_DATA FOR REVIEW_:
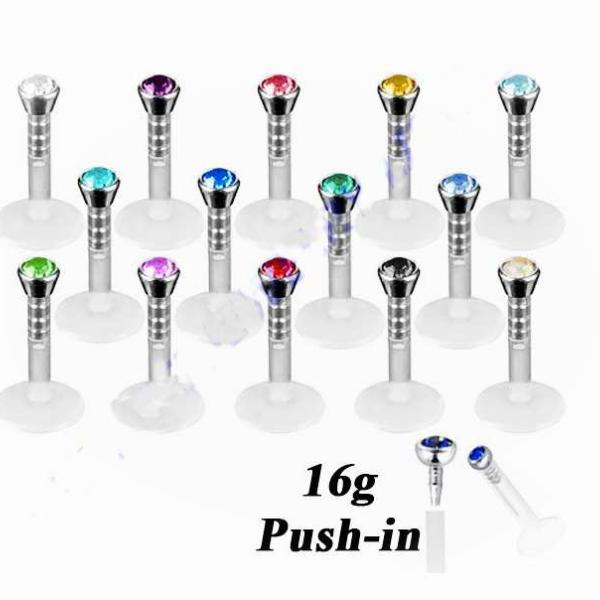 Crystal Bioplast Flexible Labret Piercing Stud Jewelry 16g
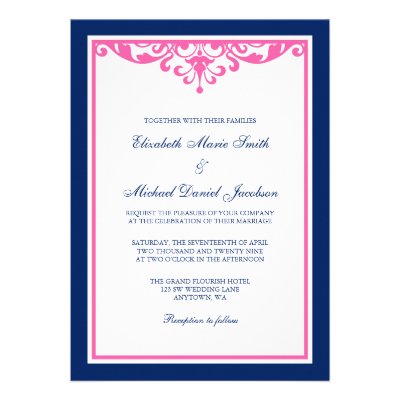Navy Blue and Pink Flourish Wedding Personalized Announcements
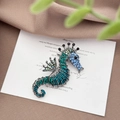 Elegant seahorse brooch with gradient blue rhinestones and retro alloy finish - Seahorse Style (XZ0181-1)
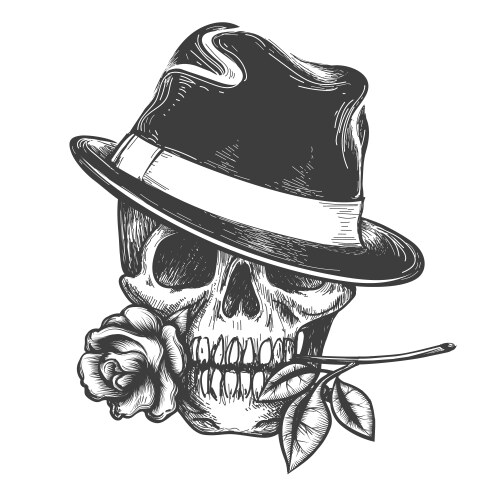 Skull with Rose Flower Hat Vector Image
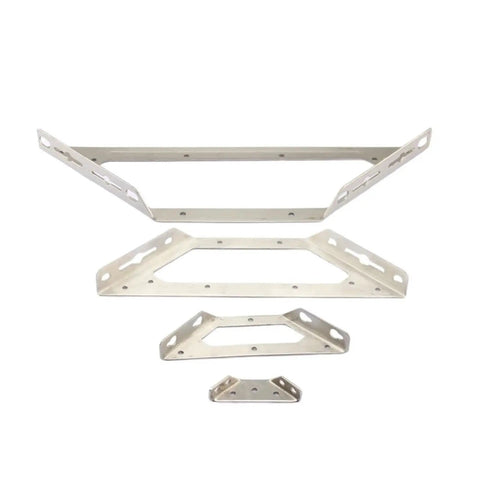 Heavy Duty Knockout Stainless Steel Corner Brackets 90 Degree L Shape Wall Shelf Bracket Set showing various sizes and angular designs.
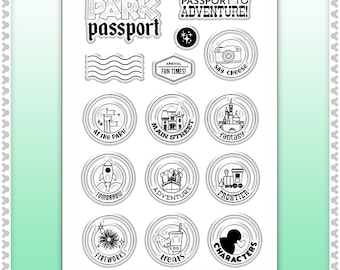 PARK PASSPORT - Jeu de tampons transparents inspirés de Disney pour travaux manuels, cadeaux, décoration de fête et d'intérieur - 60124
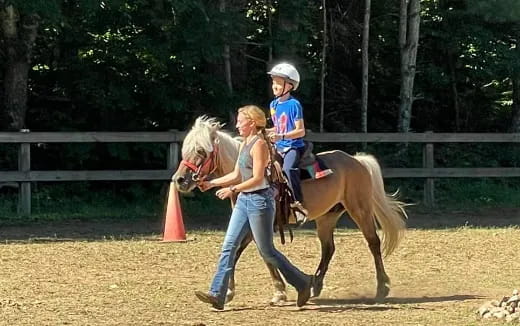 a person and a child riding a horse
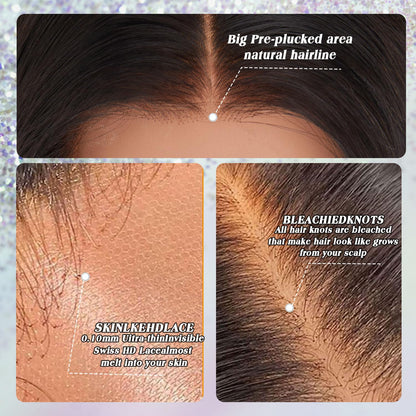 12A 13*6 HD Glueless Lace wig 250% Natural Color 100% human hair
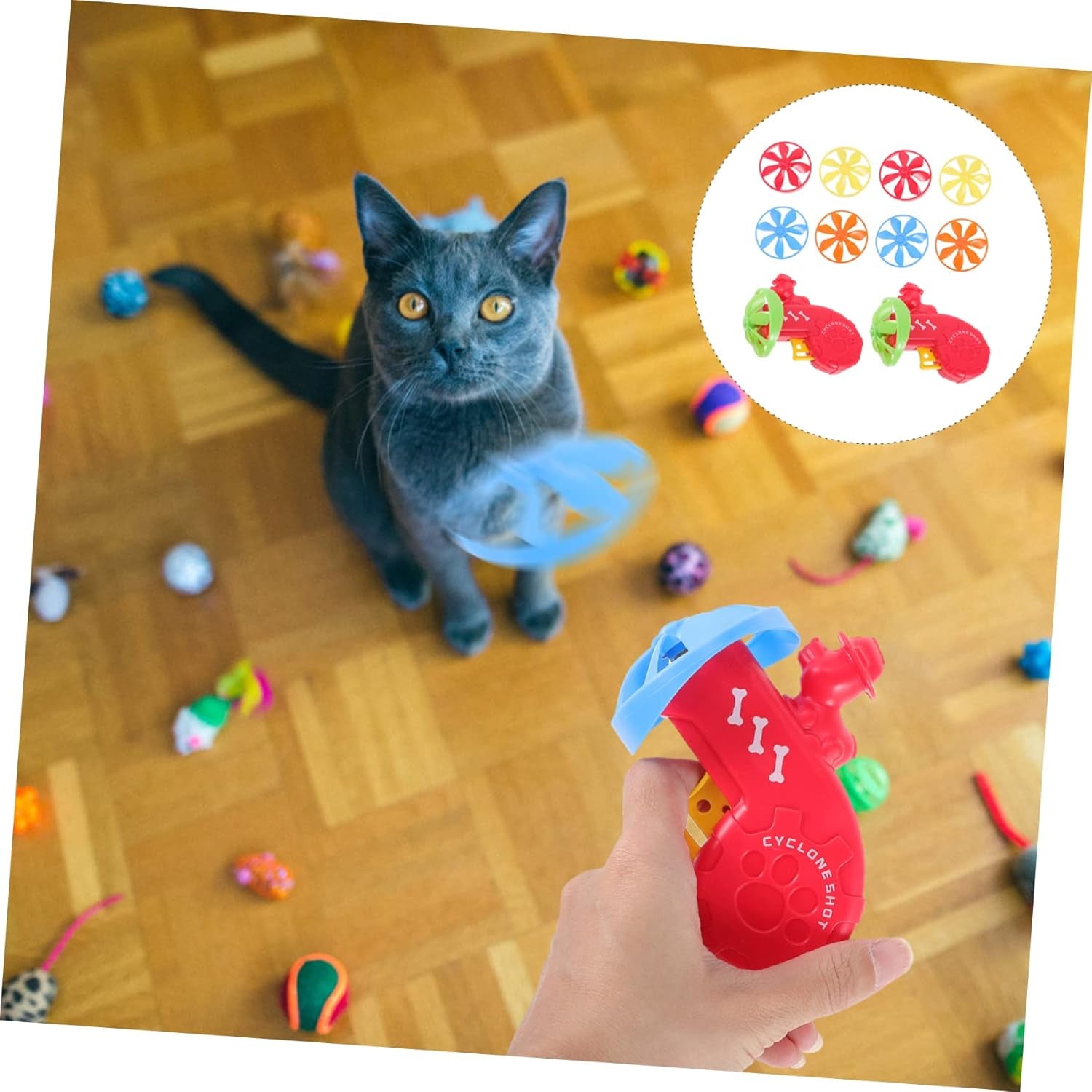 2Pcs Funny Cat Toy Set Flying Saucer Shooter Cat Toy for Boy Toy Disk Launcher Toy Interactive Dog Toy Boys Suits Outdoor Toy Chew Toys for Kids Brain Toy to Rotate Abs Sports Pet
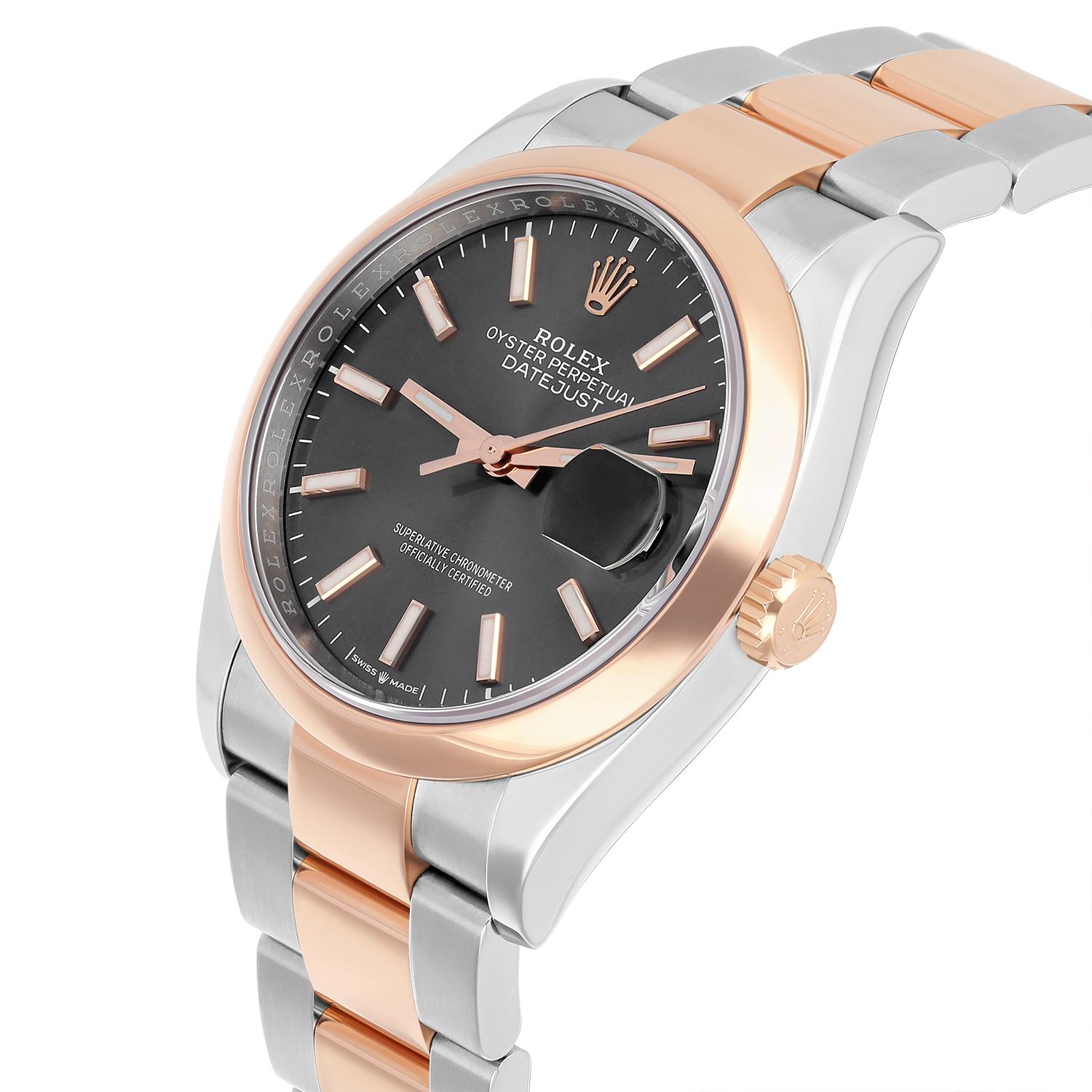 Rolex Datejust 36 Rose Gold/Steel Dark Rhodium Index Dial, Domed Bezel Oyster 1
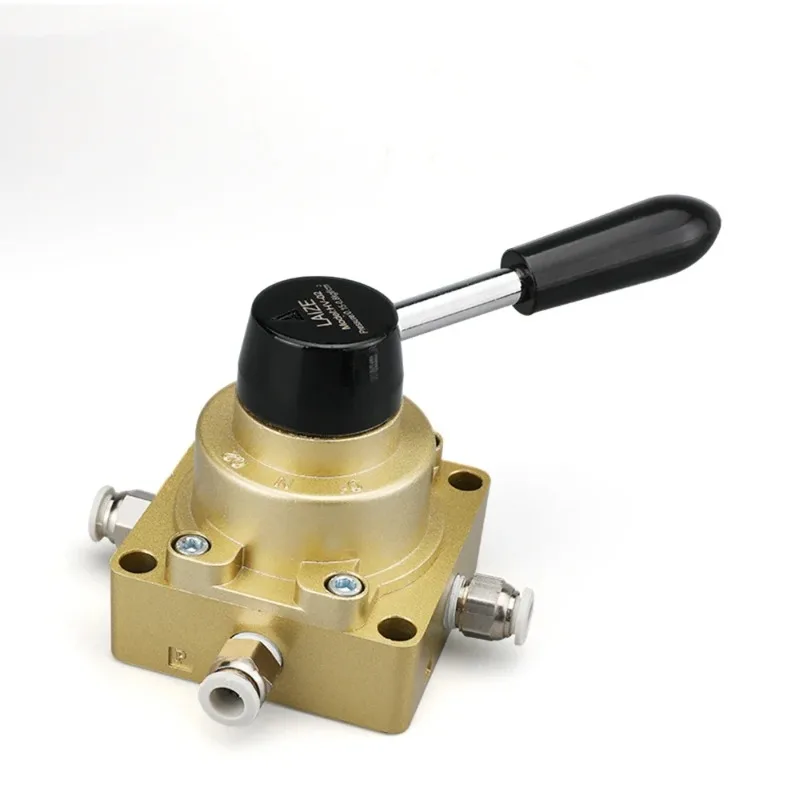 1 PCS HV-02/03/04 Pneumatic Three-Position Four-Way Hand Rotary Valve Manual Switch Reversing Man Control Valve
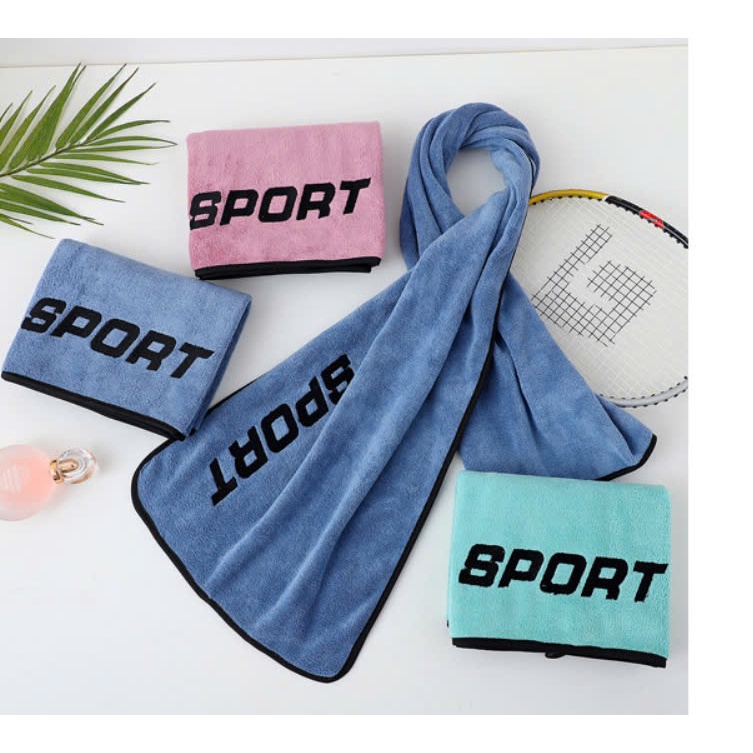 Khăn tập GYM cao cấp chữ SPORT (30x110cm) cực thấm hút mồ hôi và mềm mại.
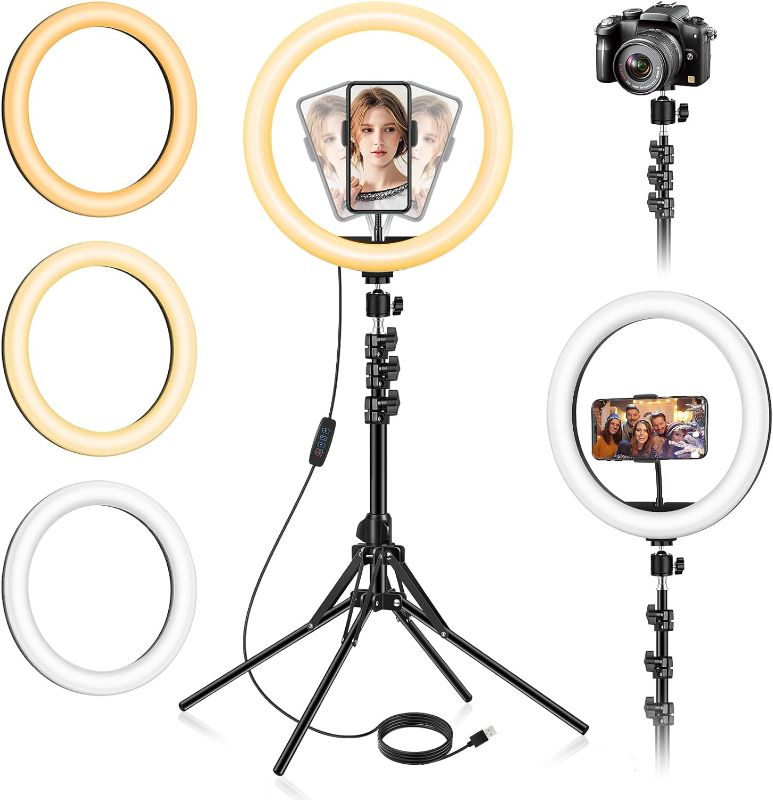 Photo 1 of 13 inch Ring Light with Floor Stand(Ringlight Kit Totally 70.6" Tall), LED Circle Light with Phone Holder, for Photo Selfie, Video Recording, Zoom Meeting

_PROBLEM DESCRIPTION_:
Each line from the first line of the entries through the line containing "Heavy Duty Knockout" should be duplicated word for word, and nothing more; the pictures stay out.

_REPLY TO THE EXERCISE_:
 Crystal Bioplast Flexible Labret Piercing Stud Jewelry 16g
Navy Blue and Pink Flourish Wedding Personalized Announcements
 Elegant seahorse brooch with gradient blue rhinestones and retro alloy finish - Seahorse Style (XZ0181-1)
 Skull with Rose Flower Hat Vector Image
 Heavy Duty Knockout Stainless Steel Corner Brackets 90 Degree L Shape Wall Shelf Bracket Set showing various sizes and angular designs.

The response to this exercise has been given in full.